The section presents of real miscellany of odd occurrences, including a few involving animals, connected to Antioch.
AMONG THE EARLY STUDENT we had a great variety of background. One girl confided to me that she had never been on a train until she started to Antioch. Another girl from the hills had heard of doorbells, but never heard one. She went to call at a faculty house on the Lawn and put her finger on the button. It happened that the bell was out of order, but the hostess was watching and opened the door anyway. Pretty soon the girl heard a repetition of the sound that she had happened to hear as she touched the button, and she said, “Your doorbell is ringing.” The noise she heard was our Griscom’s donkey—Cleo—“hee-hawing”!

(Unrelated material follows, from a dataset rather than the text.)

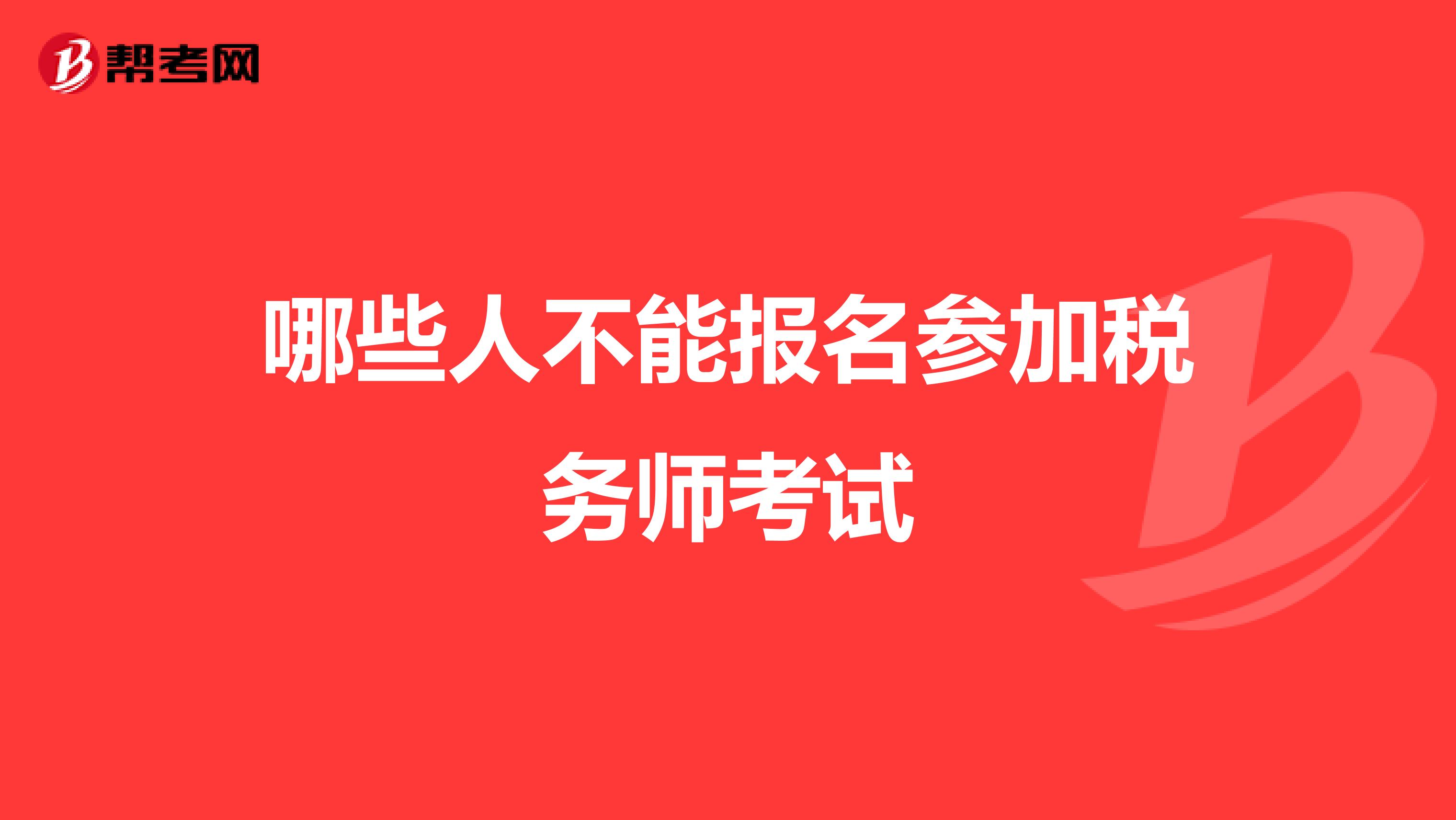 哪些人不能報名參加稅務(wù)師考試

Some amusing memories about faculty are closely associated with these early days. We have had many a chuckle over the time Bruce Hanchett and Mary Magruder decided to “play postman” after finding all the Swinnertons’ love letters of past years which were carefully put away in their storeroom (a back shed). Those of us who found the letters in our mail boxes were forced for a time to suppress our smiles in public because the parents of the children took it so hard, but now we can all laugh about it. One great excitement was when Ann Putnam and Day Lesierson, about four-year-olds, were found “sliding” on the mansard roof of the Mills House, three stories up.
The story of how Albert Liddle drove off from a filling station without knowing that his wife, who had been asleep on the back seat, had gotten out of the car, how she and the local police had the police at the next town notified to stop him, how he found out before reaching there and went back for her, and the troubles they had to convince the police in both towns that the lady was not a gay deceiver but really his legitimate wife—can never be quite appreciated without hearing her tell it.
There are some very old Antioch stories that I have never seen in print that should not be lost. One is of a one-time candidate for President of the College who was making a trial address in Kelly Hall. He put his hat on the floor of the stage in the place where the college cat was used to sit during assemblies. The cat spent the whole time circling around the hat, which made the candidate so nervous he could not talk well, and he did not become president. Another was that the Crown Prince of dismembered Poland applied for a position on the faculty, but Horace Mann would not appoint him because he used tobacco! He was looking for a refuge from secret agents who were trying to extinguish the Polish royal line—and certainly needed one, for soon afterward he was stabbed to death in Covington, Kentucky.
While the Mills family still lived in the big house, there an English “remittance man” who had his home nearby on the Dayton pike, on what is now the Will Husted farm. His generous-sized checks came in envelopes with a most impressive coat-of-arms on them. He fell in love with a niece in the Mills family, and gave her expensive presents, the climax being a piano that had to be brought by wagon all the way from the East. Soon after she got it she eloped with another man, leaving a note for him saying she had never cared for him, but only tried to get all the gifts from him that she could. He—poor man—retired into almost complete seclusion. When he died he was buried in the cemetery here with this inscription:
CLEMENT WESTBROOK MICHAEL
Died near Yellow Springs, October 15, 1858
“A Native of England”
Herbert Ellis tells me that Michael had a hall built where Antioch students were invited to come and dance—that in the 1850’s.
Admirers of Emerson may be interested to know that when he visited the Horace Manns he liked to sit in their house at the window overlooking the campus, which corresponded to the one in the library to the east of the front door, the library having been built on the foundation of the Horace Mann House after it burned down.
Those who enjoy The Marble Faun should know that Adeline Shepard, the Antioch girl who went with the Hawthornes to Europe and was portrayed as Hilda, had as her room the northeast one of the third floor of North Hall. Bessie Totten supplied me with this information.
I also like the story of how Edward Everett Hale brought the $100,000 all in gold, to fulfill the conditions of the agreement between the Christian denomination and the American Unitarian Association, whereby the American Unitarian Association would take control of Antioch. I told this to one of his daughters-in-law, and she said, “Oh how father must have enjoyed doing that!” (The A.U.A. never did take complete control.)
Most of these pictures of the remote past of Antioch I had from Miss Eleanor Lewis, one of the most delightful persons possible. Her family came our from New York State in Horace Mann’s time. She knew Mrs. Mann and all her circle of friends well. She knew first-hand stories of such matters as Hawthorne’s love affairs. One of her tales concerns Antioch only as it took place in the old house, formerly a faculty residence, that became the first home of the Fels Fund. The housewife there kept telling Mrs. Lewis that a very queer thing was happening. Every day there would be just one of several crocks of her milk in which the cream would be partly gone. She had them all covered with wooden covers, and the one that had been disturbed might be at any place on the shelf in the cellar. Finally she sat down where she could watch, and when all was quiet, along came a rat—who ran over the covers till he found a small knothole, which she had never noticed, in one of the covers. Through it he put his tail, then pulled it up covered in cream, licked it off, and repeated till he had got all the cream within reach.